• **Exercise description**: Exactly as they appear, transcribe the entries and skip any pictures.

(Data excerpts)

•••••

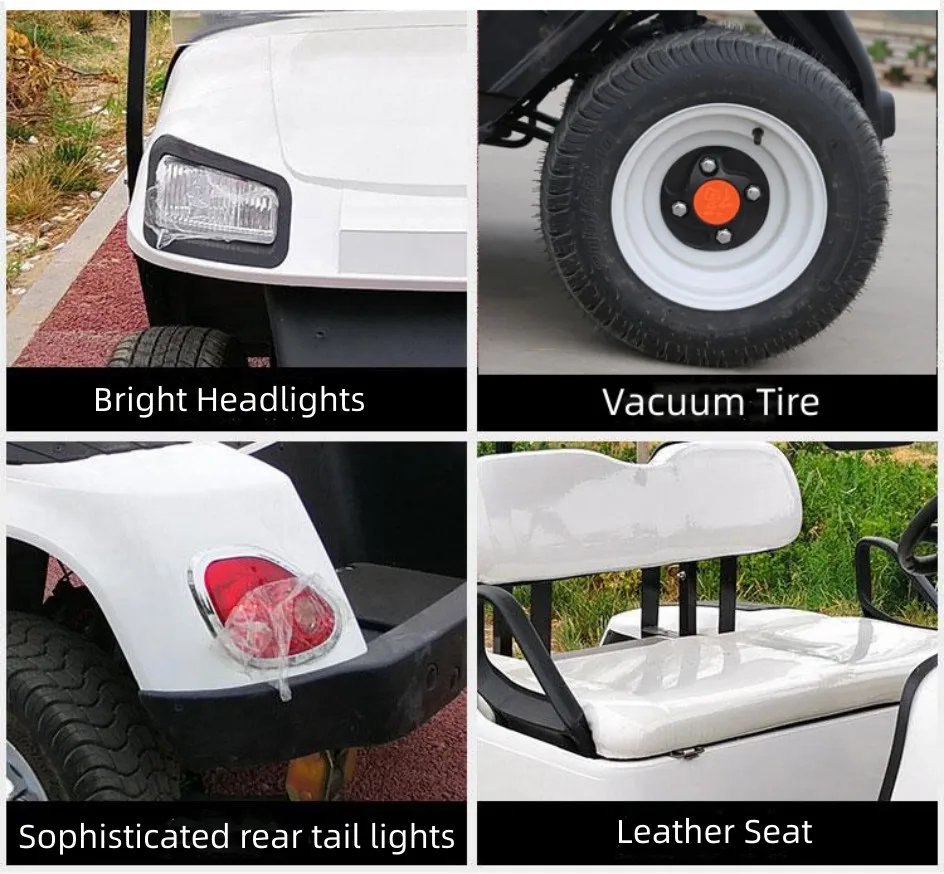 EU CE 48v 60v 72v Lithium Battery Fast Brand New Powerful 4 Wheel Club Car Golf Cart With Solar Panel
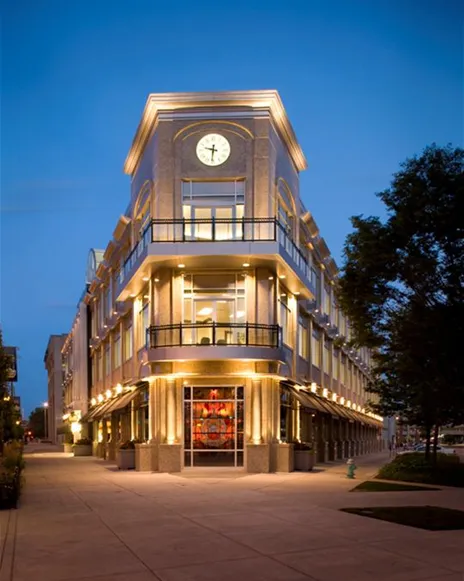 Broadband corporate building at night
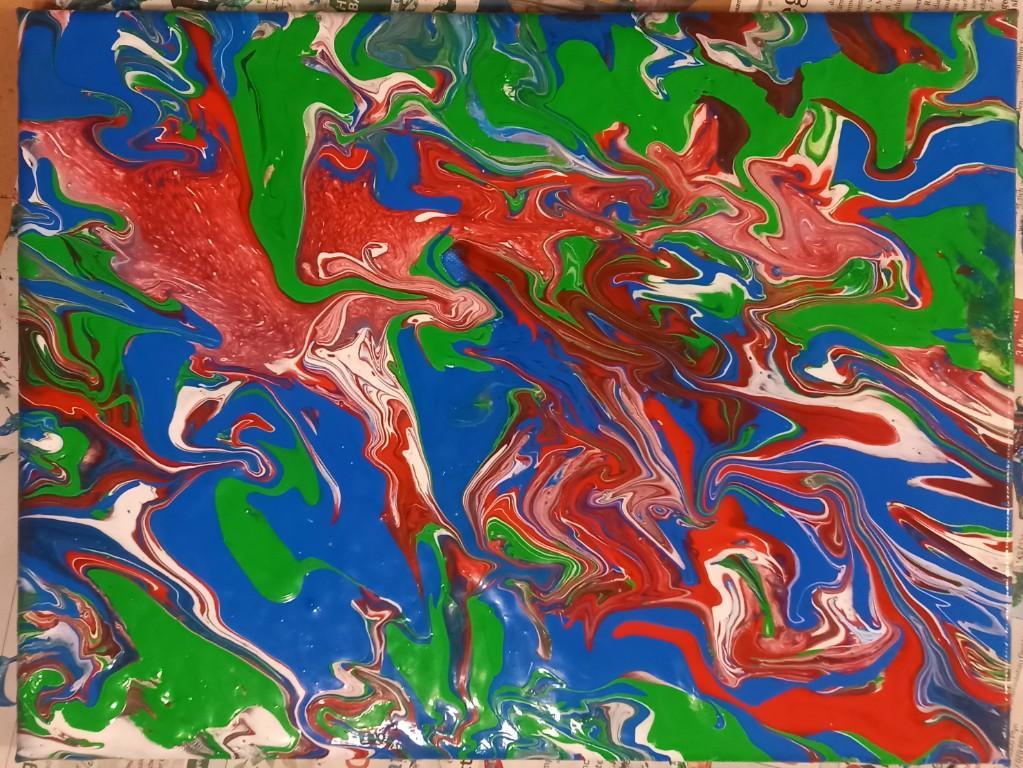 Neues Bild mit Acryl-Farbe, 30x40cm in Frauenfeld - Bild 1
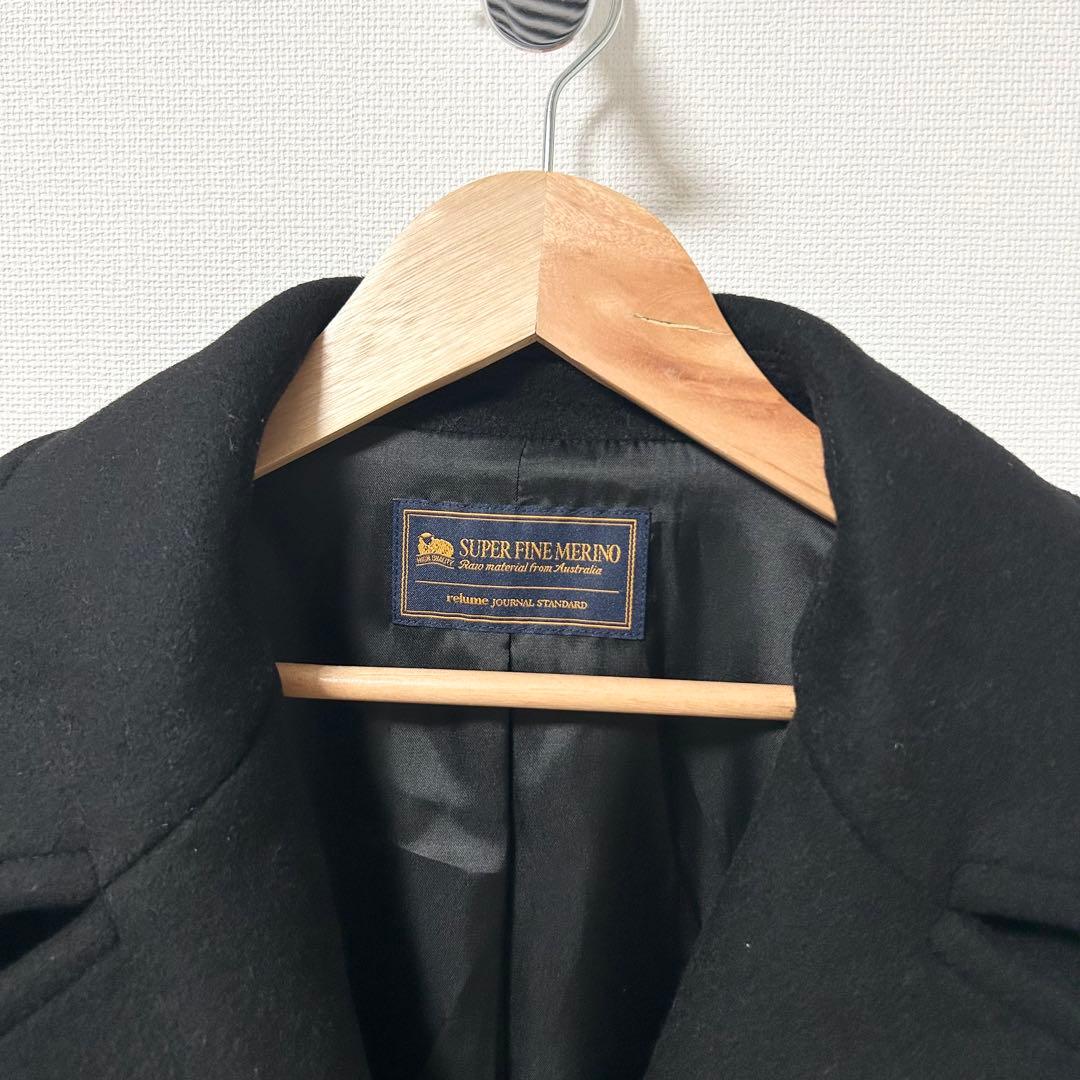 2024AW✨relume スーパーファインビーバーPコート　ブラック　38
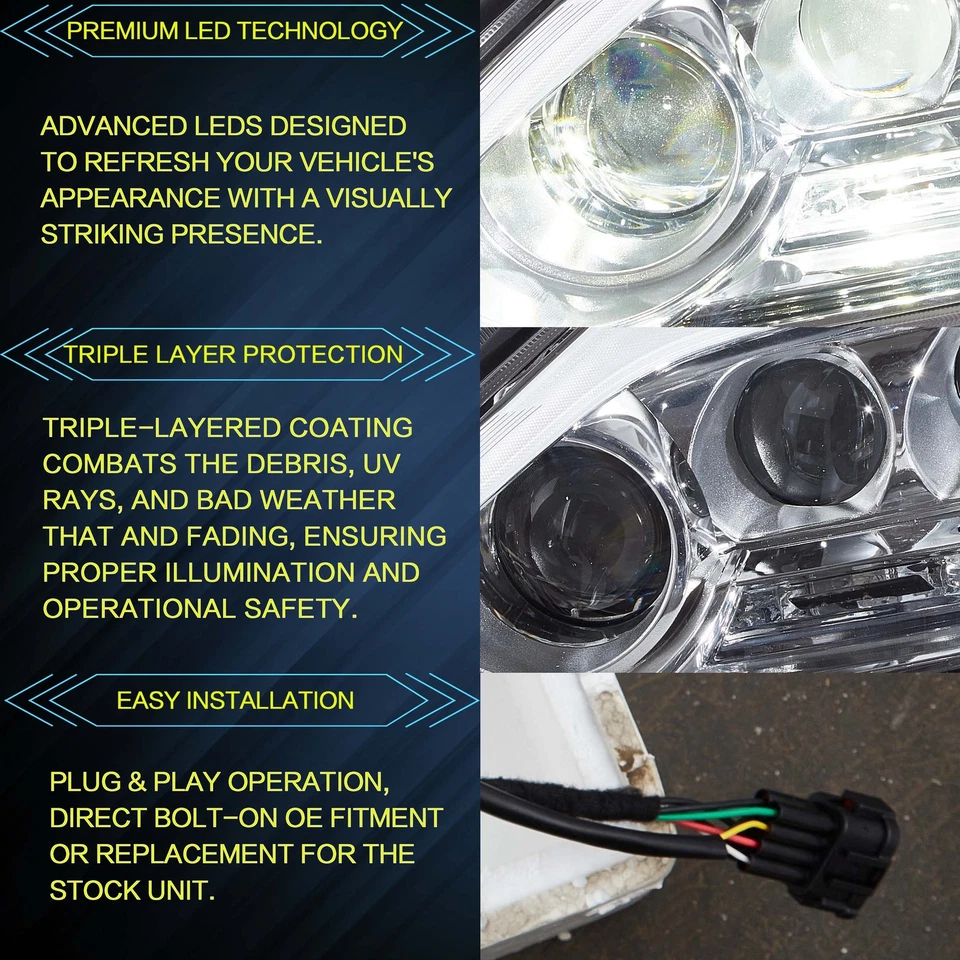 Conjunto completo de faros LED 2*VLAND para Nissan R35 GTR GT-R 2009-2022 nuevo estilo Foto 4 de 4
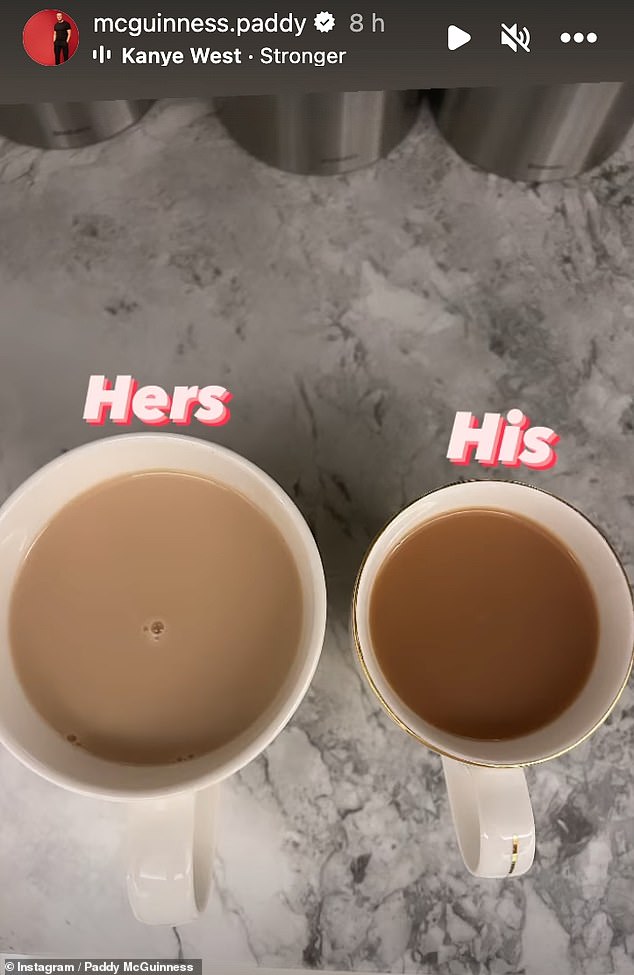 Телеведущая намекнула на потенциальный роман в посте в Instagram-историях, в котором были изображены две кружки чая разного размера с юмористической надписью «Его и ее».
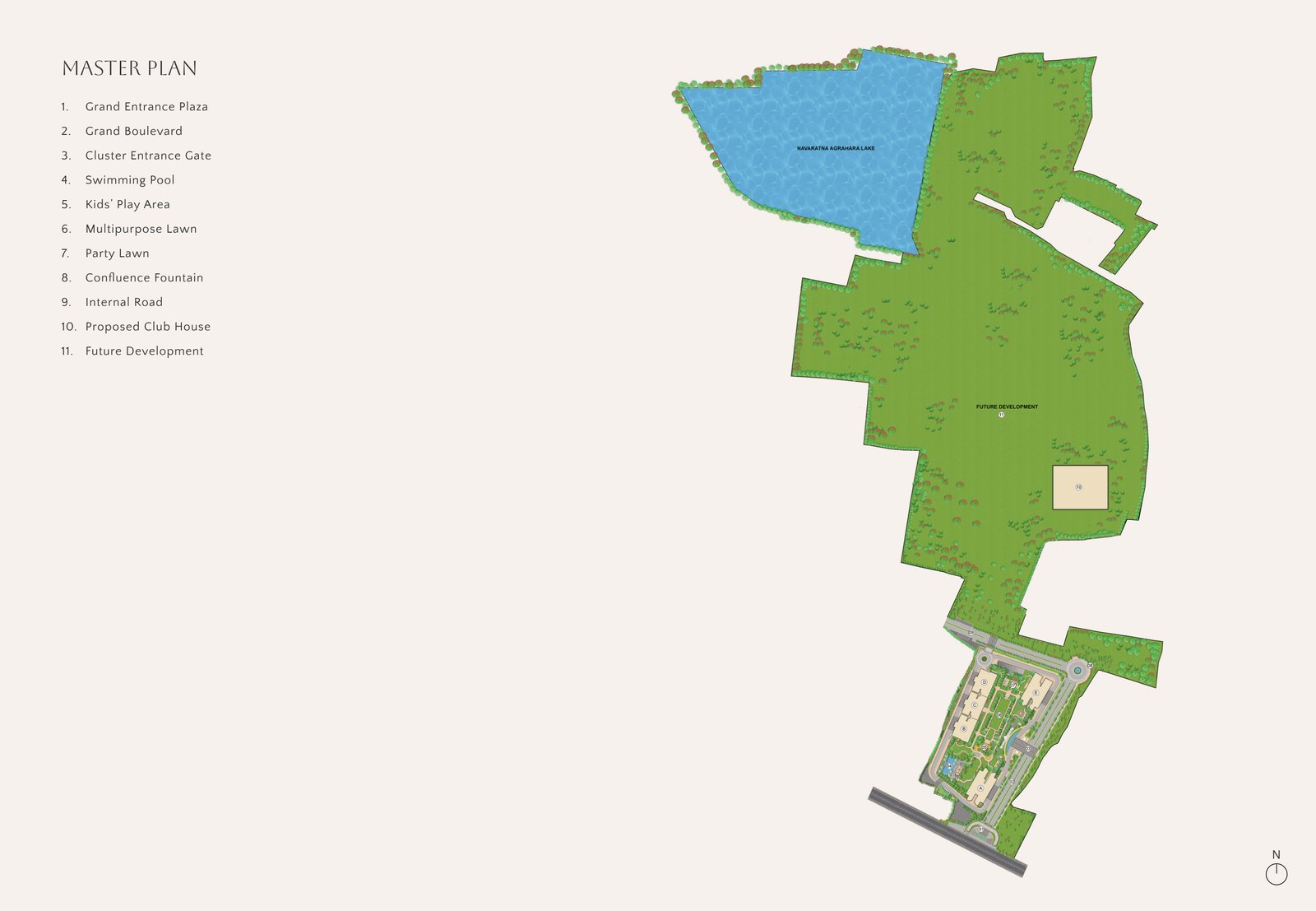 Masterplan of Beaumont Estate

•••••

• **Expected answer**:
 EU CE 48v 60v 72v Lithium Battery Fast Brand New Powerful 4 Wheel Club Car Golf Cart With Solar Panel
 Broadband corporate building at night
 Neues Bild mit Acryl-Farbe, 30x40cm in Frauenfeld - Bild 1
 2024AW✨relume スーパーファインビーバーPコート　ブラック　38
 Conjunto completo de faros LED 2*VLAND para Nissan R35 GTR GT-R 2009-2022 nuevo estilo Foto 4 de 4
 Телеведущая намекнула на потенциальный роман в посте в Instagram-историях, в котором были изображены две кружки чая разного размера с юмористической надписью «Его и ее».
 Masterplan of Beaumont Estate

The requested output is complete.